05.12.1996
ITF betrays Liverpool dockers
This letter by ITF inspector Jack Heyman follows his resignation in response to a lack of support for the Liverpool dockers and criticism of their attempts to set up international rank and file organisation
An open letter to Richard Flint, ITF communications director
I’ve been following with interest your internet correspondence on the question of the relationship of the International Transport Federation to the Liverpool dockers’ strike. Being simultaneously an ITF inspector and supporter of the Liverpool dockers, I felt myself conflicted, and ultimately resigned my ITF post, effective October 1 1996. I’d like to shed some light on the ITF’s role in the Merseyside struggle, which led me to make that decision.
Some of your statements are blatantly untrue. Other errors are distortions and omissions. Let’s begin with the charge against the ITF that it has undermined support for the Liverpool dockers. Cited as an example was an ITF inspector who was ordered by Kees Marges, ITF dockers secretary, not to attend the international dockers’ conference in Liverpool in February. I was that ITF inspector.

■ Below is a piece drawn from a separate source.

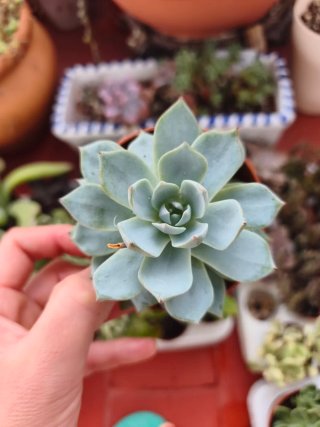 Echeveria peacocki x cante 8.5cm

Although I was delegated by the January West Coast longshore union (ILWU) Longshore Caucus (Convention) to represent our union at the conference, the ITF did try to prevent me from attending. You perfunctorily dismissed this charge as “ridiculous”, stating only the “general secretary or the assistant general secretary responsible for seafarers could issue an instruction to an inspector”. You are wrong. As ITF director of communications, you knew better.

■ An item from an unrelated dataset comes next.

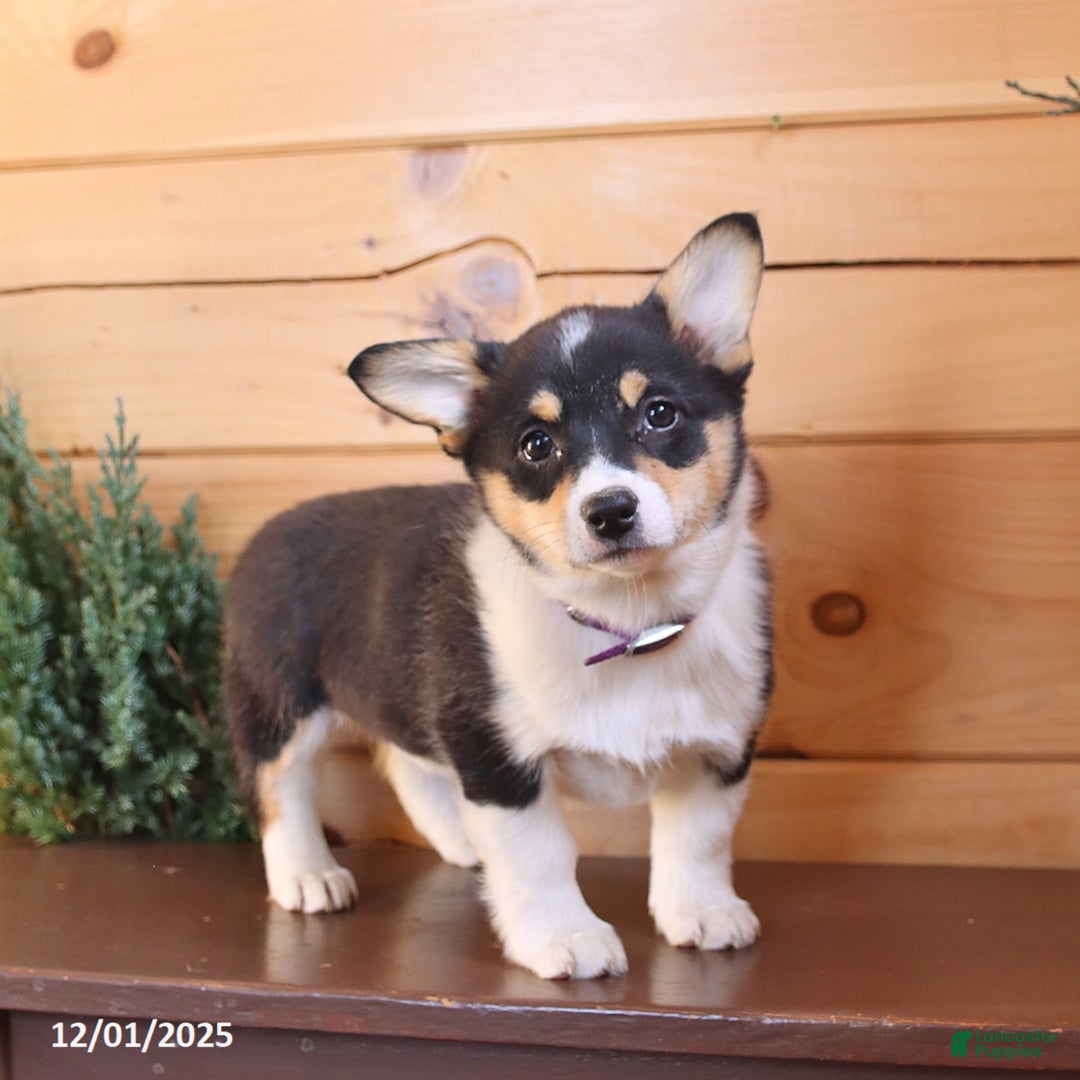 Welsh Corgi Pembroke dogs for sale: Sherri - Ad 1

The day before I was to fly to Liverpool, Kees Marges, who’d not been able to reach me by fax, insisted in a telephone conversation that I not attend the international dockers’ conference in Liverpool. He stated that: 1) the strike was illegal and unofficial, not having been endorsed by the Transport and General Workers Union; 2) the TGWU, an ITF affiliate, was not requesting support and the ITF was adhering to that request; 3) the dockers couldn’t win.

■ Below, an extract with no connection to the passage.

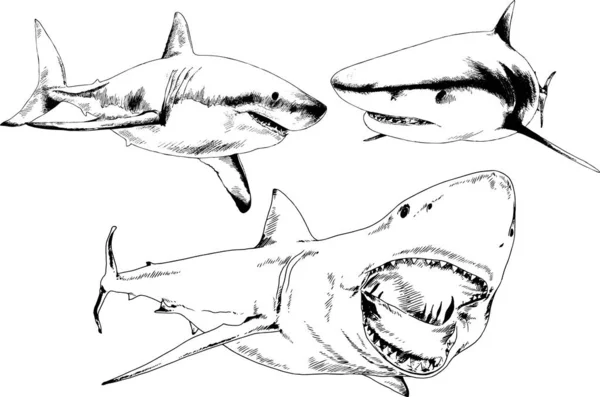 Grand Requin Blanc Dessiné Encre Croquis Main Levée Logo — Image vectorielle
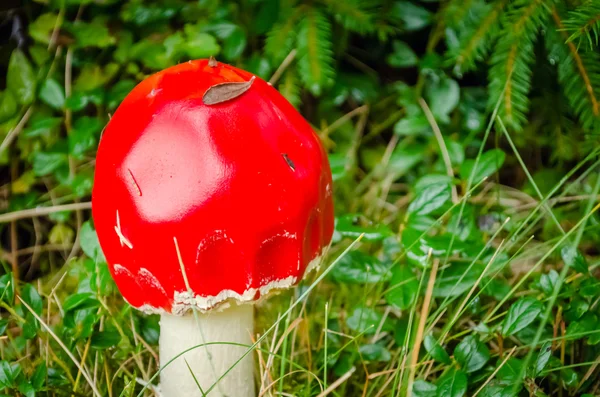 Little fly-agaric in forest close-up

After I refused his orders, he stated the ITF couldn’t stop me but that I shouldn’t mention the ITF at the conference or to the media. In order that we wouldn’t “mix our banners”, since the ILWU was supporting the dockers and the ITF was not, it was decided to take me off the ITF payroll and put me on the ILWU’s for the week of the conference. Despite an earlier statement by you, this was a political, not a financial decision.
What disturbs me is the ITF paradox, arguing on the one hand that they support the strike and on the other why they can’t. I first encountered this contradiction at the ITF’s worldwide inspectors seminar this January. I’d just come from Liverpool (my first trip there), where on behalf of the ILWU I had expressed international solidarity greetings at a mass rally and strike meeting.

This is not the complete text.